**Supplied data**
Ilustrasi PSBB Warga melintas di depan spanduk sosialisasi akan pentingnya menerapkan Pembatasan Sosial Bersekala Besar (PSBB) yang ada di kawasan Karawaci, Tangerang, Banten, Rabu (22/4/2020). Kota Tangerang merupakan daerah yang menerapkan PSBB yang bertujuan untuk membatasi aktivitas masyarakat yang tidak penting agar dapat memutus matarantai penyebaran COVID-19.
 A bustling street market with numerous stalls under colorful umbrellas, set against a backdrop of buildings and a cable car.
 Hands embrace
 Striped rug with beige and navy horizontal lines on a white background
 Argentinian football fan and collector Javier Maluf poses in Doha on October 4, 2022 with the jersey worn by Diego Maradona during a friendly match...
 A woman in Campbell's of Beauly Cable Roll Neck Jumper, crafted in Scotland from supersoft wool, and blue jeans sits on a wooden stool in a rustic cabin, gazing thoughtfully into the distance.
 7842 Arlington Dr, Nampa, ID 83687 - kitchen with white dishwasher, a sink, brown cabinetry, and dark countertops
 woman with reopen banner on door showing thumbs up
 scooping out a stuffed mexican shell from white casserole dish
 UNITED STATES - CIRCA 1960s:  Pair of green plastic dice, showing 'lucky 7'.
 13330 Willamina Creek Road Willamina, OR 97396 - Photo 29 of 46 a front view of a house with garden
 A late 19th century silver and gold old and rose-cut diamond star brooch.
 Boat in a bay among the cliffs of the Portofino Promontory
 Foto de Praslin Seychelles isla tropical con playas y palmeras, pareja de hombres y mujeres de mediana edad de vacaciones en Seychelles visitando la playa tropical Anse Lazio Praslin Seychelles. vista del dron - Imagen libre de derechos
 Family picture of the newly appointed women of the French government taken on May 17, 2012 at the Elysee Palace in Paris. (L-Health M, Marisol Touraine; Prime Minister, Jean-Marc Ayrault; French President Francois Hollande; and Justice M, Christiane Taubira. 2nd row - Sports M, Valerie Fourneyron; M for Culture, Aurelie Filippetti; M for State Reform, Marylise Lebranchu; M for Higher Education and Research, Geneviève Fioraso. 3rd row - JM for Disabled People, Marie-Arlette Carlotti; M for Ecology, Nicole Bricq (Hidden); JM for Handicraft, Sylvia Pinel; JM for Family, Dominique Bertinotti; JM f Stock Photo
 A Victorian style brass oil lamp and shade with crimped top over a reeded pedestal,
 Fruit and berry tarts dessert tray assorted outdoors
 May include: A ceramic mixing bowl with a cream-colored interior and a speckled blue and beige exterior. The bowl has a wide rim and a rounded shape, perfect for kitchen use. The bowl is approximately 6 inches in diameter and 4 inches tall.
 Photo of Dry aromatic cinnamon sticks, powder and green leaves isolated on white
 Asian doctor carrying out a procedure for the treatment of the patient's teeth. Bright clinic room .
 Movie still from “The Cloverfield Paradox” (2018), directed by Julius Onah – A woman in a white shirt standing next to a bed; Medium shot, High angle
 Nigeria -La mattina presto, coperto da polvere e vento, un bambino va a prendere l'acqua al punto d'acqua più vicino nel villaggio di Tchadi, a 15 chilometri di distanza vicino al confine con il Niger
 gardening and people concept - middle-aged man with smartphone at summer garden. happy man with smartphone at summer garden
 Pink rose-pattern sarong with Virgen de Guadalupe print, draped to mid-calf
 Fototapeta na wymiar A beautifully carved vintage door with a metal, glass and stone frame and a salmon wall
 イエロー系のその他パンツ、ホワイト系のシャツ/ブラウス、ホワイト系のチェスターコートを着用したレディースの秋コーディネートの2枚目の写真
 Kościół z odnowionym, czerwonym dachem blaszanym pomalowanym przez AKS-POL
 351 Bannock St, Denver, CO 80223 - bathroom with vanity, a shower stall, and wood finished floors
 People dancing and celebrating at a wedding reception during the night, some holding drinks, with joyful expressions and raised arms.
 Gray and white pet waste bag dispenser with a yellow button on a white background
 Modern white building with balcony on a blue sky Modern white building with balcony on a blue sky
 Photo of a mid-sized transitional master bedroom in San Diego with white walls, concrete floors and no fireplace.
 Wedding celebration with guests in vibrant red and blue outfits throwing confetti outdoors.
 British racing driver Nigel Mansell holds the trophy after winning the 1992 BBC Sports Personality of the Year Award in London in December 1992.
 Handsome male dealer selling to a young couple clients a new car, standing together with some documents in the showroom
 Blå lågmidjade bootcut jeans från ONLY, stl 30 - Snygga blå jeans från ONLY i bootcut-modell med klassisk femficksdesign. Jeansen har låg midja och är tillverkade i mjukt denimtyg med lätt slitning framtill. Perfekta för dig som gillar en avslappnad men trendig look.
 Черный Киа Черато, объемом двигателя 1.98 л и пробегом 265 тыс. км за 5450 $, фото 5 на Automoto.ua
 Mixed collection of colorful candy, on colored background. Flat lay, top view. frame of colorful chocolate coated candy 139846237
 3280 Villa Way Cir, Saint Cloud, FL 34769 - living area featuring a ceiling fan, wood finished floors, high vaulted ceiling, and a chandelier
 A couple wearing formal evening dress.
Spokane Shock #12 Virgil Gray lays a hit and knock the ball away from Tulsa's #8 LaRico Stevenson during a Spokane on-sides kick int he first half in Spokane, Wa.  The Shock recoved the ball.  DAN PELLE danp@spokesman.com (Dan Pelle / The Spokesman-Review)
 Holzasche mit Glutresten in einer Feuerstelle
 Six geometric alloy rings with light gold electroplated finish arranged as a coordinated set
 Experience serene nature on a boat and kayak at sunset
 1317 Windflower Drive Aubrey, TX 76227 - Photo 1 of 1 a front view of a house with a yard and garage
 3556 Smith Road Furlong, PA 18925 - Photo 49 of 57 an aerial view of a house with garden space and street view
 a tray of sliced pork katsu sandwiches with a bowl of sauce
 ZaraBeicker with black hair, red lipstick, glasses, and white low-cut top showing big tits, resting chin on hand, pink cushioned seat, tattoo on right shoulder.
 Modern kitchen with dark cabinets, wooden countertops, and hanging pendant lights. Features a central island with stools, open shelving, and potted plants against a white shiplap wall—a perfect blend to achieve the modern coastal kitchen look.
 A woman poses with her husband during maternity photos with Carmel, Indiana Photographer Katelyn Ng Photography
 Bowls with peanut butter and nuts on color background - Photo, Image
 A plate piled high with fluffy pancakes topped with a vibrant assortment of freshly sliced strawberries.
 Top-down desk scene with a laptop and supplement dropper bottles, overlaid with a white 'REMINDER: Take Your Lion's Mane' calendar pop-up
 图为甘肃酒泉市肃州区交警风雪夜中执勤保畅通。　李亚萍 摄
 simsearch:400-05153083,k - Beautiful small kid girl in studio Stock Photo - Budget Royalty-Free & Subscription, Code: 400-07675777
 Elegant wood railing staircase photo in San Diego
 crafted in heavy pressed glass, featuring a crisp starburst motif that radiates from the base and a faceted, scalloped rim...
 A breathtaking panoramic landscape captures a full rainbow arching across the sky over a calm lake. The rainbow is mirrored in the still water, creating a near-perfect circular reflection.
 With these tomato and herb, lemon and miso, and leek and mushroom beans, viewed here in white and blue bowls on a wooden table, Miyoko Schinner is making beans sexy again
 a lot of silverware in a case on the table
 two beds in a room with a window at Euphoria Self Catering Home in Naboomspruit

**Brief**
Reproduce all of the listing, exactly as given.

**Output of the exercise**
Ilustrasi PSBB Warga melintas di depan spanduk sosialisasi akan pentingnya menerapkan Pembatasan Sosial Bersekala Besar (PSBB) yang ada di kawasan Karawaci, Tangerang, Banten, Rabu (22/4/2020). Kota Tangerang merupakan daerah yang menerapkan PSBB yang bertujuan untuk membatasi aktivitas masyarakat yang tidak penting agar dapat memutus matarantai penyebaran COVID-19.
 A bustling street market with numerous stalls under colorful umbrellas, set against a backdrop of buildings and a cable car.
 Hands embrace
 Striped rug with beige and navy horizontal lines on a white background
 Argentinian football fan and collector Javier Maluf poses in Doha on October 4, 2022 with the jersey worn by Diego Maradona during a friendly match...
 A woman in Campbell's of Beauly Cable Roll Neck Jumper, crafted in Scotland from supersoft wool, and blue jeans sits on a wooden stool in a rustic cabin, gazing thoughtfully into the distance.
 7842 Arlington Dr, Nampa, ID 83687 - kitchen with white dishwasher, a sink, brown cabinetry, and dark countertops
 woman with reopen banner on door showing thumbs up
 scooping out a stuffed mexican shell from white casserole dish
 UNITED STATES - CIRCA 1960s:  Pair of green plastic dice, showing 'lucky 7'.
 13330 Willamina Creek Road Willamina, OR 97396 - Photo 29 of 46 a front view of a house with garden
 A late 19th century silver and gold old and rose-cut diamond star brooch.
 Boat in a bay among the cliffs of the Portofino Promontory
 Foto de Praslin Seychelles isla tropical con playas y palmeras, pareja de hombres y mujeres de mediana edad de vacaciones en Seychelles visitando la playa tropical Anse Lazio Praslin Seychelles. vista del dron - Imagen libre de derechos
 Family picture of the newly appointed women of the French government taken on May 17, 2012 at the Elysee Palace in Paris. (L-Health M, Marisol Touraine; Prime Minister, Jean-Marc Ayrault; French President Francois Hollande; and Justice M, Christiane Taubira. 2nd row - Sports M, Valerie Fourneyron; M for Culture, Aurelie Filippetti; M for State Reform, Marylise Lebranchu; M for Higher Education and Research, Geneviève Fioraso. 3rd row - JM for Disabled People, Marie-Arlette Carlotti; M for Ecology, Nicole Bricq (Hidden); JM for Handicraft, Sylvia Pinel; JM for Family, Dominique Bertinotti; JM f Stock Photo
 A Victorian style brass oil lamp and shade with crimped top over a reeded pedestal,
 Fruit and berry tarts dessert tray assorted outdoors
 May include: A ceramic mixing bowl with a cream-colored interior and a speckled blue and beige exterior. The bowl has a wide rim and a rounded shape, perfect for kitchen use. The bowl is approximately 6 inches in diameter and 4 inches tall.
 Photo of Dry aromatic cinnamon sticks, powder and green leaves isolated on white
 Asian doctor carrying out a procedure for the treatment of the patient's teeth. Bright clinic room .
 Movie still from “The Cloverfield Paradox” (2018), directed by Julius Onah – A woman in a white shirt standing next to a bed; Medium shot, High angle
 Nigeria -La mattina presto, coperto da polvere e vento, un bambino va a prendere l'acqua al punto d'acqua più vicino nel villaggio di Tchadi, a 15 chilometri di distanza vicino al confine con il Niger
 gardening and people concept - middle-aged man with smartphone at summer garden. happy man with smartphone at summer garden
 Pink rose-pattern sarong with Virgen de Guadalupe print, draped to mid-calf
 Fototapeta na wymiar A beautifully carved vintage door with a metal, glass and stone frame and a salmon wall
 イエロー系のその他パンツ、ホワイト系のシャツ/ブラウス、ホワイト系のチェスターコートを着用したレディースの秋コーディネートの2枚目の写真
 Kościół z odnowionym, czerwonym dachem blaszanym pomalowanym przez AKS-POL
 351 Bannock St, Denver, CO 80223 - bathroom with vanity, a shower stall, and wood finished floors
 People dancing and celebrating at a wedding reception during the night, some holding drinks, with joyful expressions and raised arms.
 Gray and white pet waste bag dispenser with a yellow button on a white background
 Modern white building with balcony on a blue sky Modern white building with balcony on a blue sky
 Photo of a mid-sized transitional master bedroom in San Diego with white walls, concrete floors and no fireplace.
 Wedding celebration with guests in vibrant red and blue outfits throwing confetti outdoors.
 British racing driver Nigel Mansell holds the trophy after winning the 1992 BBC Sports Personality of the Year Award in London in December 1992.
 Handsome male dealer selling to a young couple clients a new car, standing together with some documents in the showroom
 Blå lågmidjade bootcut jeans från ONLY, stl 30 - Snygga blå jeans från ONLY i bootcut-modell med klassisk femficksdesign. Jeansen har låg midja och är tillverkade i mjukt denimtyg med lätt slitning framtill. Perfekta för dig som gillar en avslappnad men trendig look.
 Черный Киа Черато, объемом двигателя 1.98 л и пробегом 265 тыс. км за 5450 $, фото 5 на Automoto.ua
 Mixed collection of colorful candy, on colored background. Flat lay, top view. frame of colorful chocolate coated candy 139846237
 3280 Villa Way Cir, Saint Cloud, FL 34769 - living area featuring a ceiling fan, wood finished floors, high vaulted ceiling, and a chandelier
 A couple wearing formal evening dress.
Spokane Shock #12 Virgil Gray lays a hit and knock the ball away from Tulsa's #8 LaRico Stevenson during a Spokane on-sides kick int he first half in Spokane, Wa.  The Shock recoved the ball.  DAN PELLE danp@spokesman.com (Dan Pelle / The Spokesman-Review)
 Holzasche mit Glutresten in einer Feuerstelle
 Six geometric alloy rings with light gold electroplated finish arranged as a coordinated set
 Experience serene nature on a boat and kayak at sunset
 1317 Windflower Drive Aubrey, TX 76227 - Photo 1 of 1 a front view of a house with a yard and garage
 3556 Smith Road Furlong, PA 18925 - Photo 49 of 57 an aerial view of a house with garden space and street view
 a tray of sliced pork katsu sandwiches with a bowl of sauce
 ZaraBeicker with black hair, red lipstick, glasses, and white low-cut top showing big tits, resting chin on hand, pink cushioned seat, tattoo on right shoulder.
 Modern kitchen with dark cabinets, wooden countertops, and hanging pendant lights. Features a central island with stools, open shelving, and potted plants against a white shiplap wall—a perfect blend to achieve the modern coastal kitchen look.
 A woman poses with her husband during maternity photos with Carmel, Indiana Photographer Katelyn Ng Photography
 Bowls with peanut butter and nuts on color background - Photo, Image
 A plate piled high with fluffy pancakes topped with a vibrant assortment of freshly sliced strawberries.
 Top-down desk scene with a laptop and supplement dropper bottles, overlaid with a white 'REMINDER: Take Your Lion's Mane' calendar pop-up
 图为甘肃酒泉市肃州区交警风雪夜中执勤保畅通。　李亚萍 摄
 simsearch:400-05153083,k - Beautiful small kid girl in studio Stock Photo - Budget Royalty-Free & Subscription, Code: 400-07675777
 Elegant wood railing staircase photo in San Diego
 crafted in heavy pressed glass, featuring a crisp starburst motif that radiates from the base and a faceted, scalloped rim...
 A breathtaking panoramic landscape captures a full rainbow arching across the sky over a calm lake. The rainbow is mirrored in the still water, creating a near-perfect circular reflection.
 With these tomato and herb, lemon and miso, and leek and mushroom beans, viewed here in white and blue bowls on a wooden table, Miyoko Schinner is making beans sexy again
 a lot of silverware in a case on the table
 two beds in a room with a window at Euphoria Self Catering Home in Naboomspruit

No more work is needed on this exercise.